** Opening Available data block **

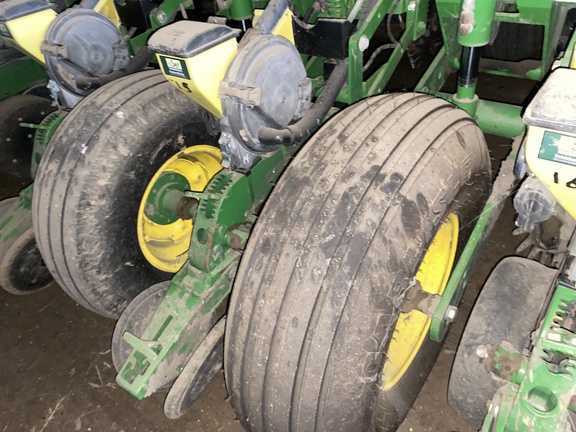 2008 John Deere 1770NT CCS Planter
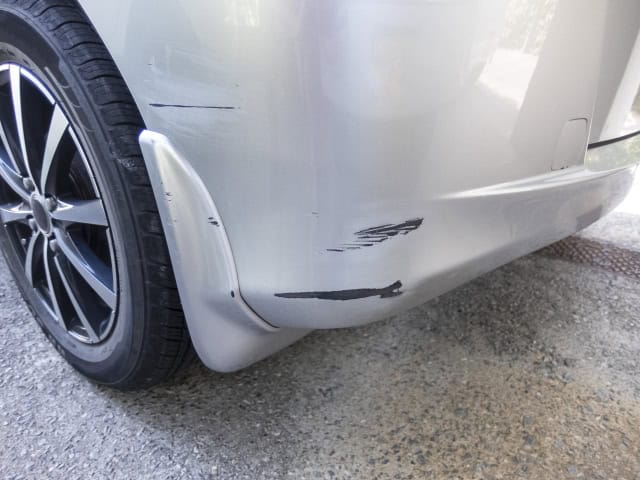 車子被刮怎麼辦？分辨毀損罪與民事賠償的關鍵，確認是否為惡意破壞 / PhotoAC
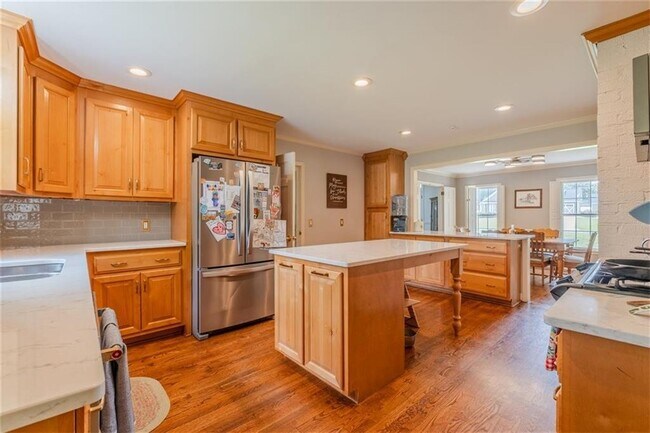 Building Photo - 227 W Lakeshore Dr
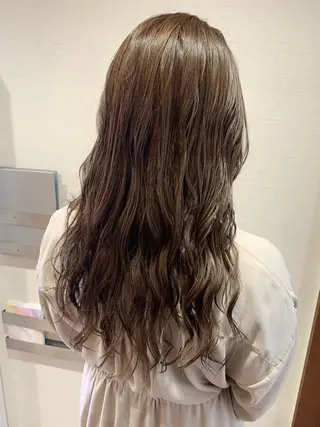 ロング カラー 蓮見  友里のヘアスタイル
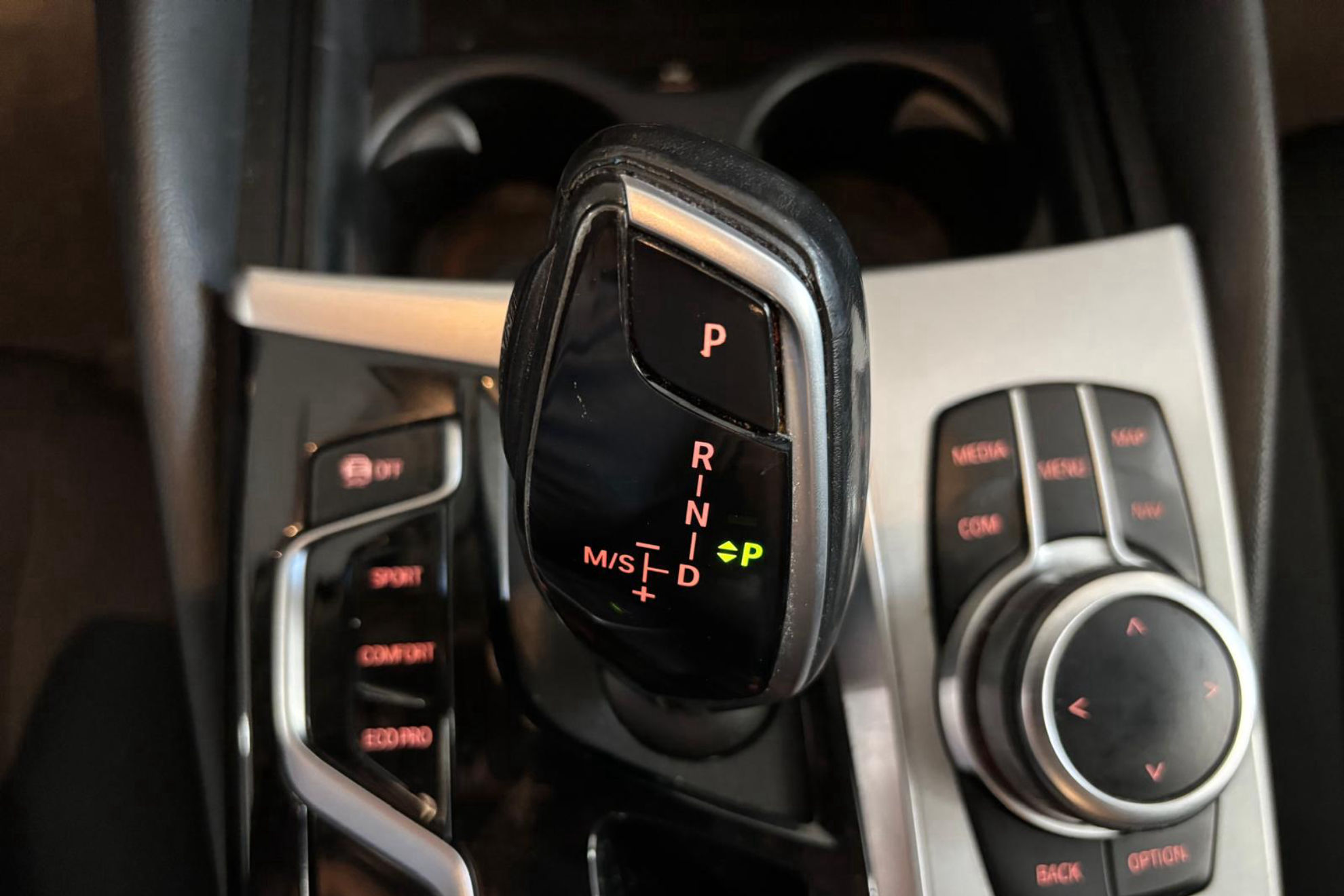 BMW Serie 5 520dA - foto 33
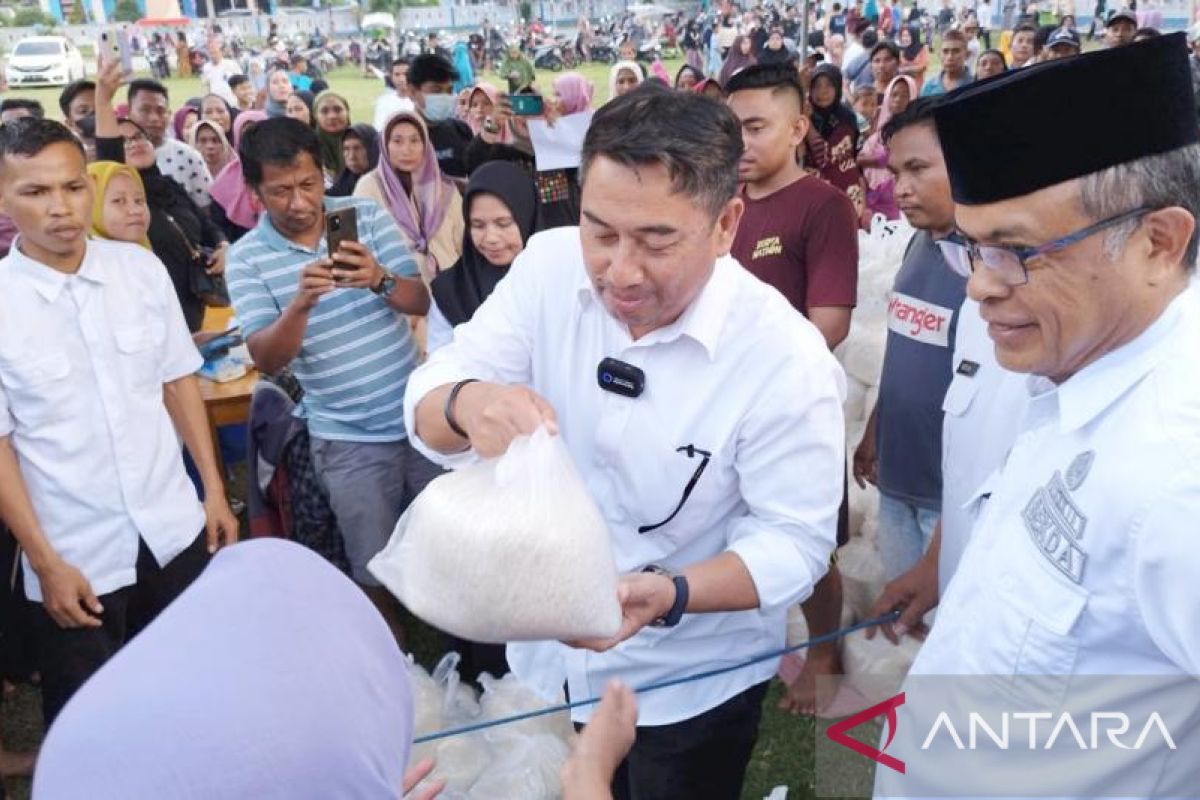 Pemkab Bone Bolango gelar pasar murah di Bone Pantai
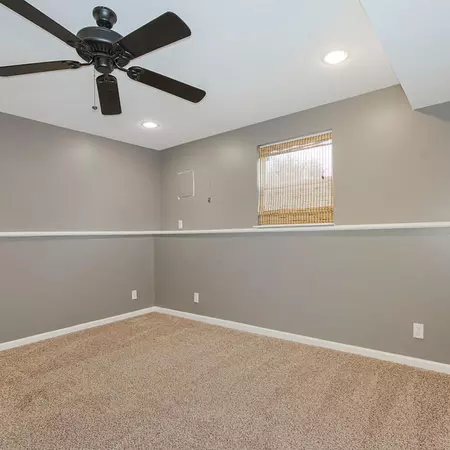 Coliving in Independence - Outer KCMO, Kansas City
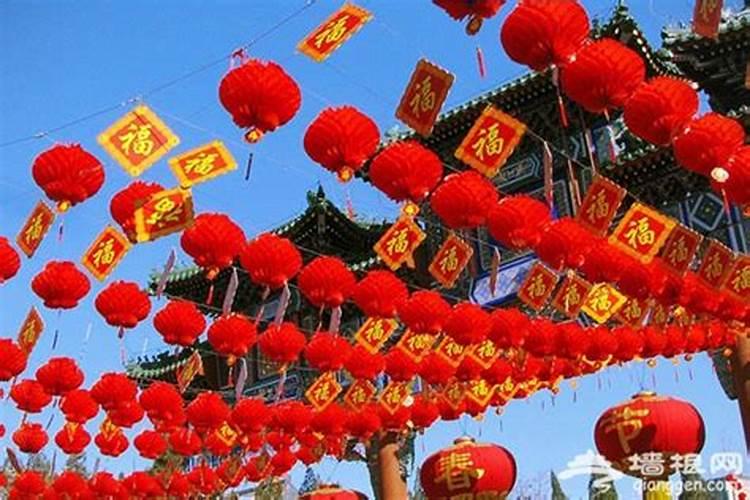 我老妈生日1976年冬月十七日(阴历),哪位星座高人告诉我这是什么星座啊...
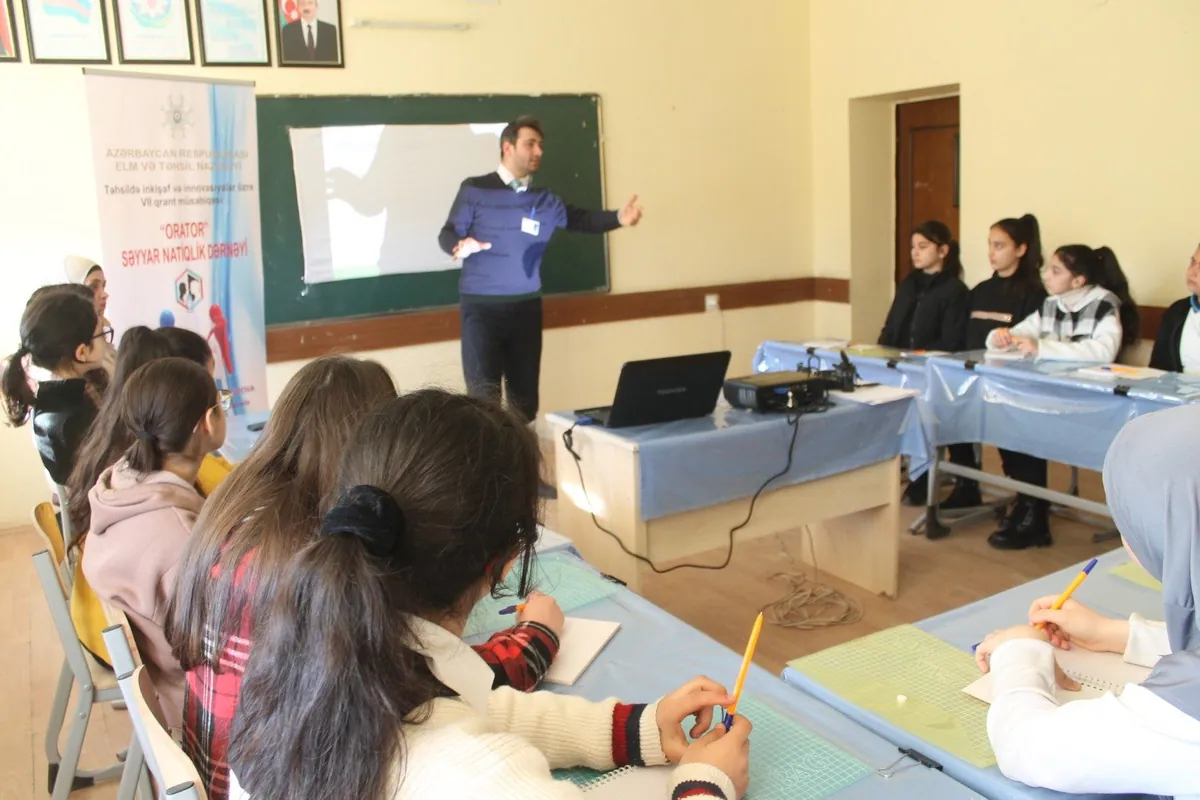 Qubada şagirdlərin natiqlik və təqdimat bacarıqlarının inkişafı ilə bağlı təlimlər keçirilib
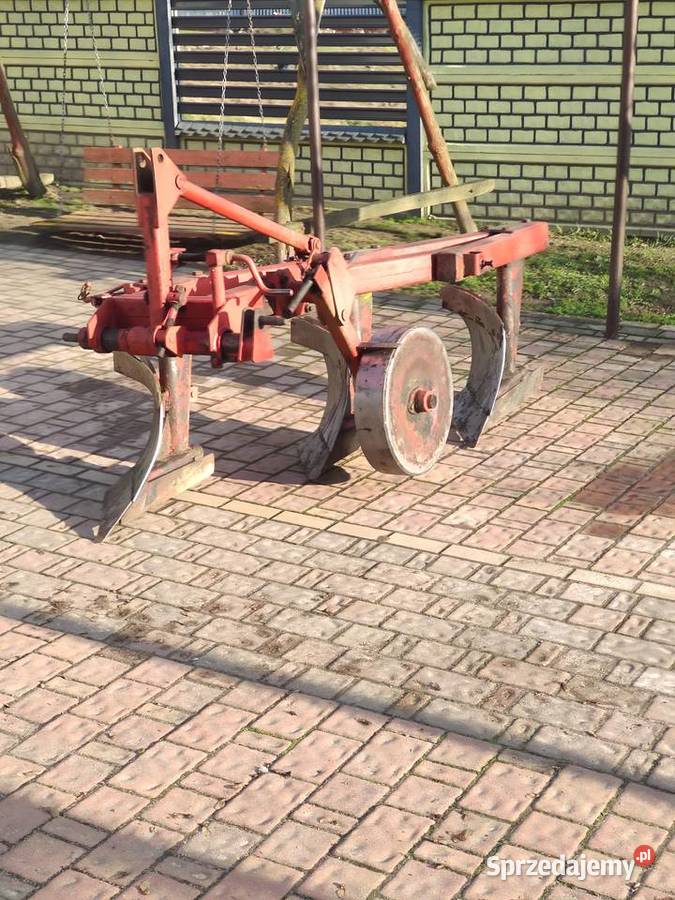 Pług pługi 3 skibowy akpil Rolnictwo sprzedam
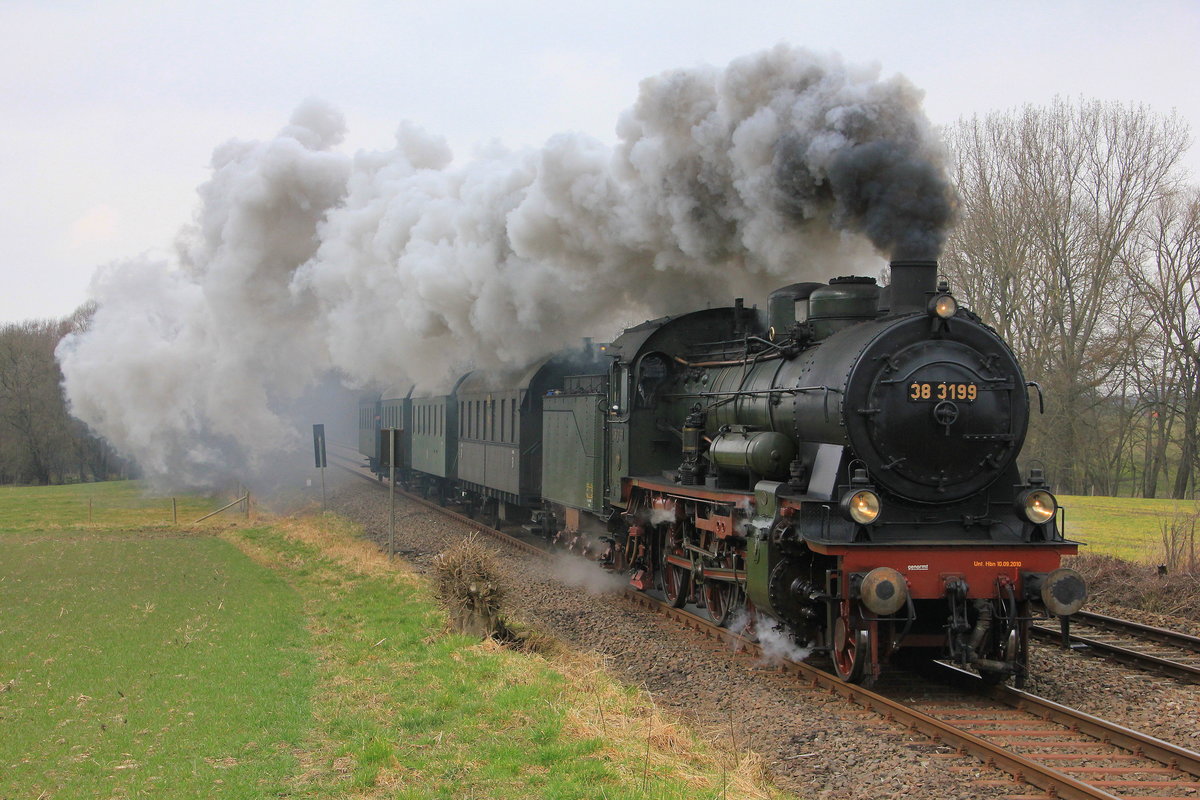 Am 15.03.2015 dampft 38 3199 mit Sonderzug in Richtung Wackershofen zwischen Neuenstein und Waldenburg ihrem Ziel entgegen.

** Closing Available data block **

▸ Directions for this task
Your output should be only the lines from the line with "車子被刮怎麼辦？分辨毀損罪與民事賠償的關鍵，確認是否為惡意破壞 / PhotoAC" through the end of the data, exactly as they stand, and no pictures.

▸ Solution to this exercise
 車子被刮怎麼辦？分辨毀損罪與民事賠償的關鍵，確認是否為惡意破壞 / PhotoAC
 Building Photo - 227 W Lakeshore Dr
 ロング カラー 蓮見  友里のヘアスタイル
 BMW Serie 5 520dA - foto 33
 Pemkab Bone Bolango gelar pasar murah di Bone Pantai
 Coliving in Independence - Outer KCMO, Kansas City
 我老妈生日1976年冬月十七日(阴历),哪位星座高人告诉我这是什么星座啊...
 Qubada şagirdlərin natiqlik və təqdimat bacarıqlarının inkişafı ilə bağlı təlimlər keçirilib
 Pług pługi 3 skibowy akpil Rolnictwo sprzedam
 Am 15.03.2015 dampft 38 3199 mit Sonderzug in Richtung Wackershofen zwischen Neuenstein und Waldenburg ihrem Ziel entgegen.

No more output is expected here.